[Short web captions]
+++

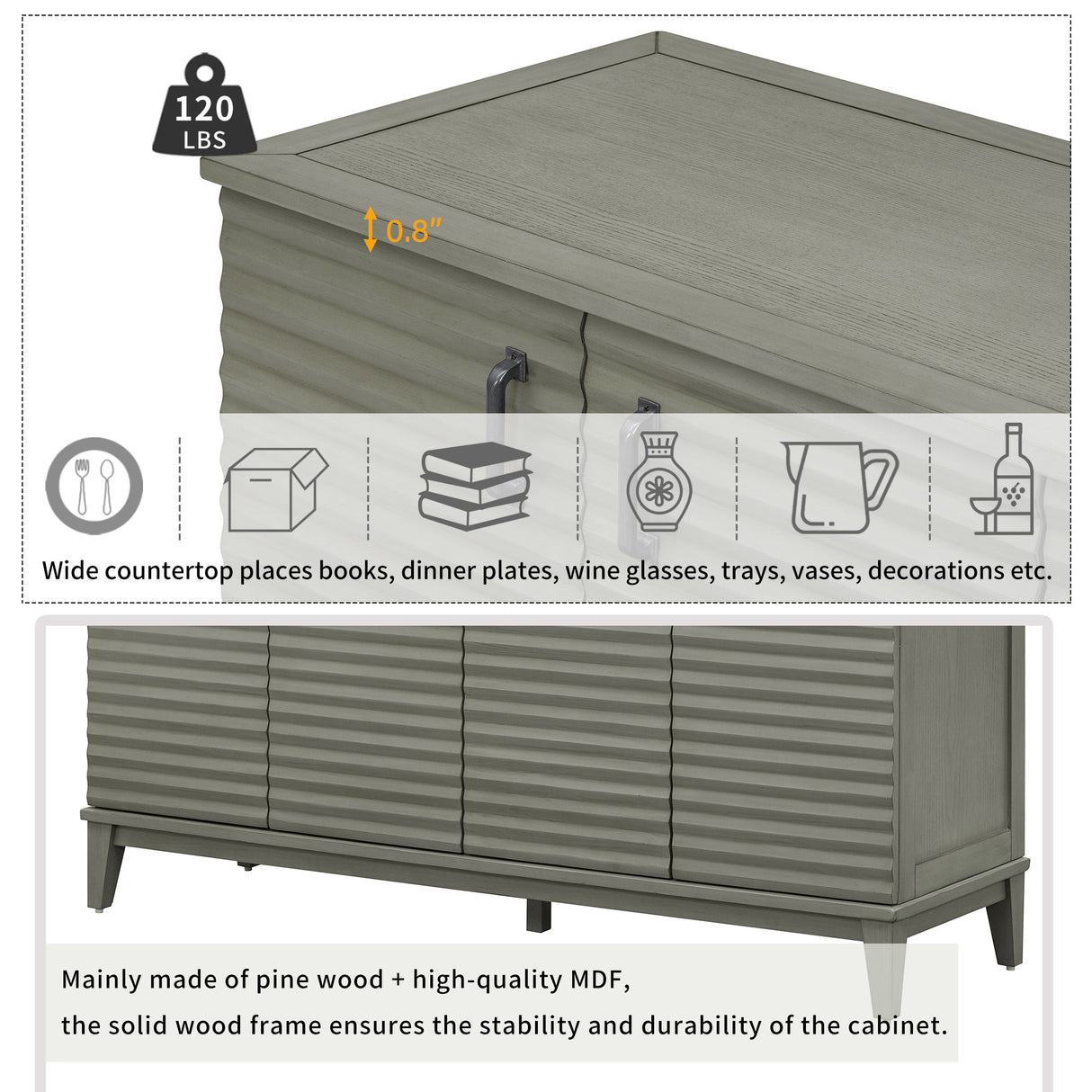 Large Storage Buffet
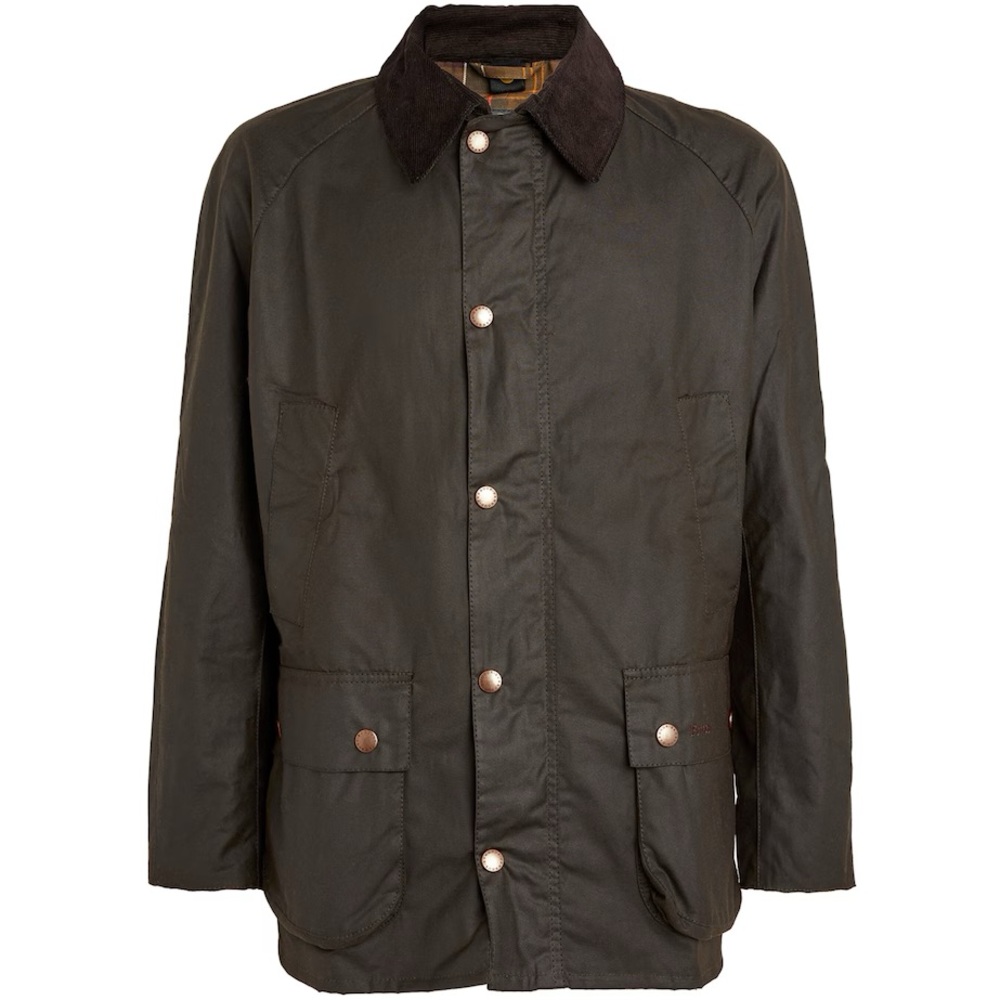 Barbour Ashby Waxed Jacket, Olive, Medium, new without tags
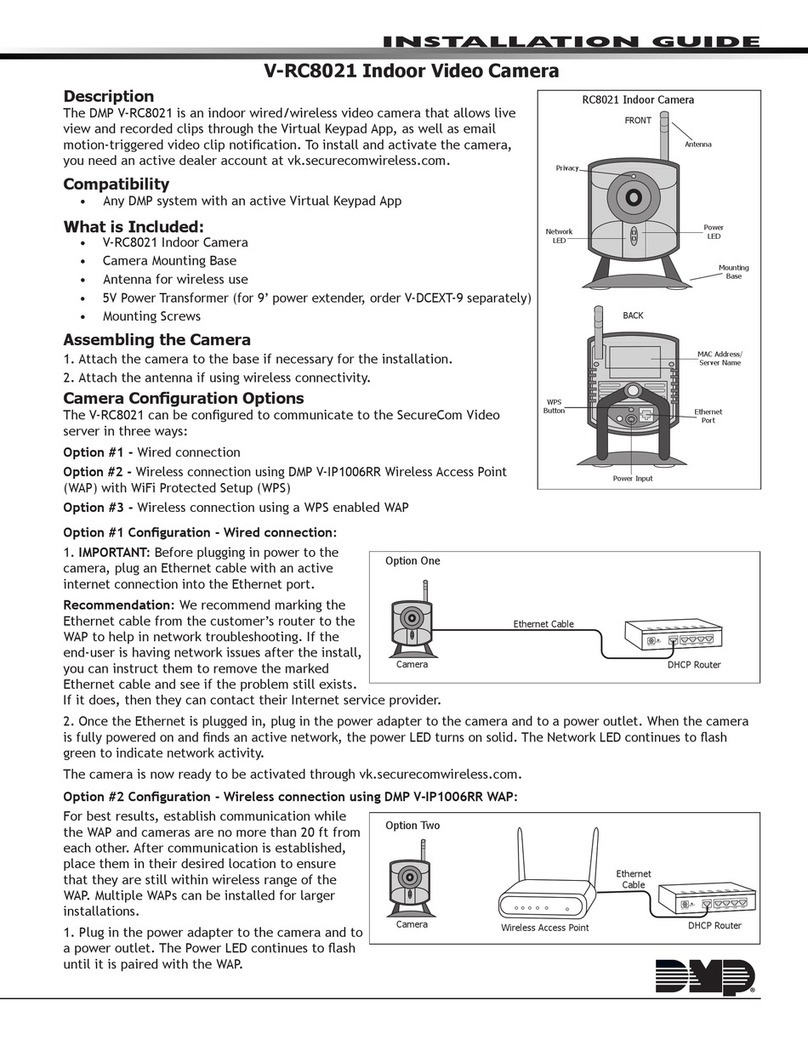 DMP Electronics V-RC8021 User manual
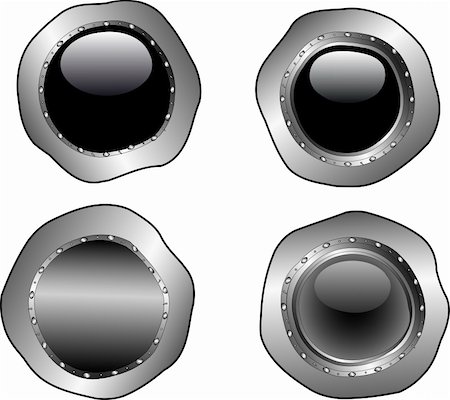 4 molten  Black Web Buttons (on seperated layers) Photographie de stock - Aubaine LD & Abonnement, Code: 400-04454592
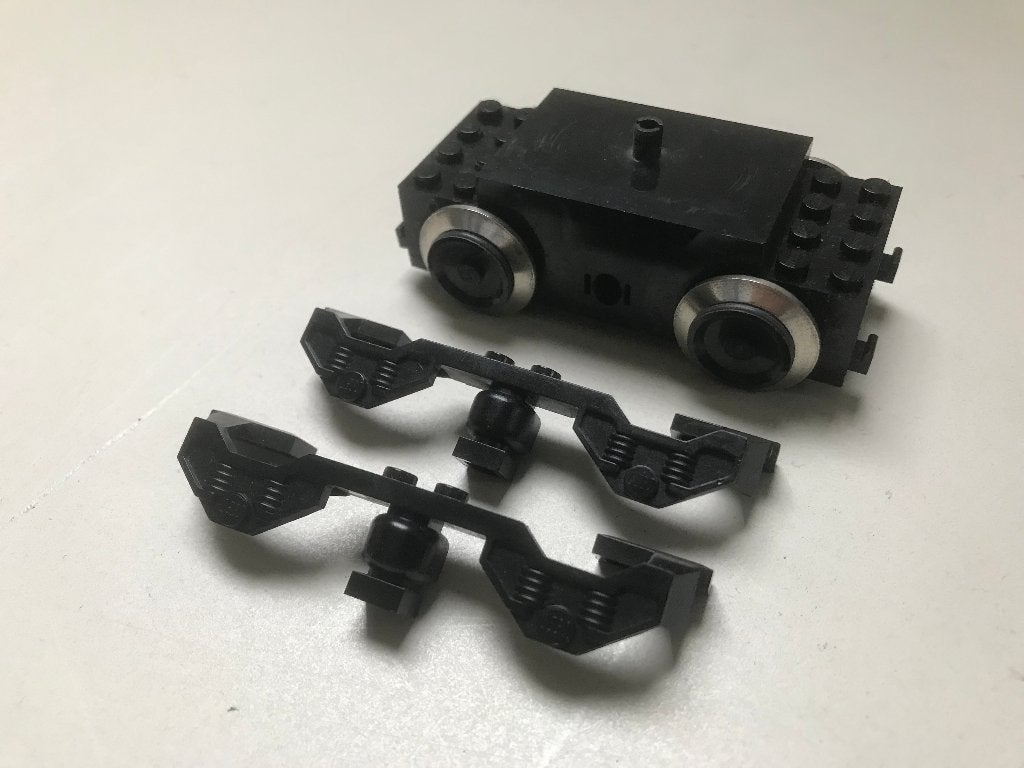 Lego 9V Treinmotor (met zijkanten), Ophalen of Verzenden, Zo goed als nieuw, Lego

+++

- WHAT YOU SHOULD DO: The expected answer is an exact copy of the lines from the one containing "Barbour Ashby Waxed" through the last line of the entries above, both included, without pictures.

- RESULT FOR THIS TASK:
 Barbour Ashby Waxed Jacket, Olive, Medium, new without tags
 DMP Electronics V-RC8021 User manual
 4 molten  Black Web Buttons (on seperated layers) Photographie de stock - Aubaine LD & Abonnement, Code: 400-04454592
 Lego 9V Treinmotor (met zijkanten), Ophalen of Verzenden, Zo goed als nieuw, Lego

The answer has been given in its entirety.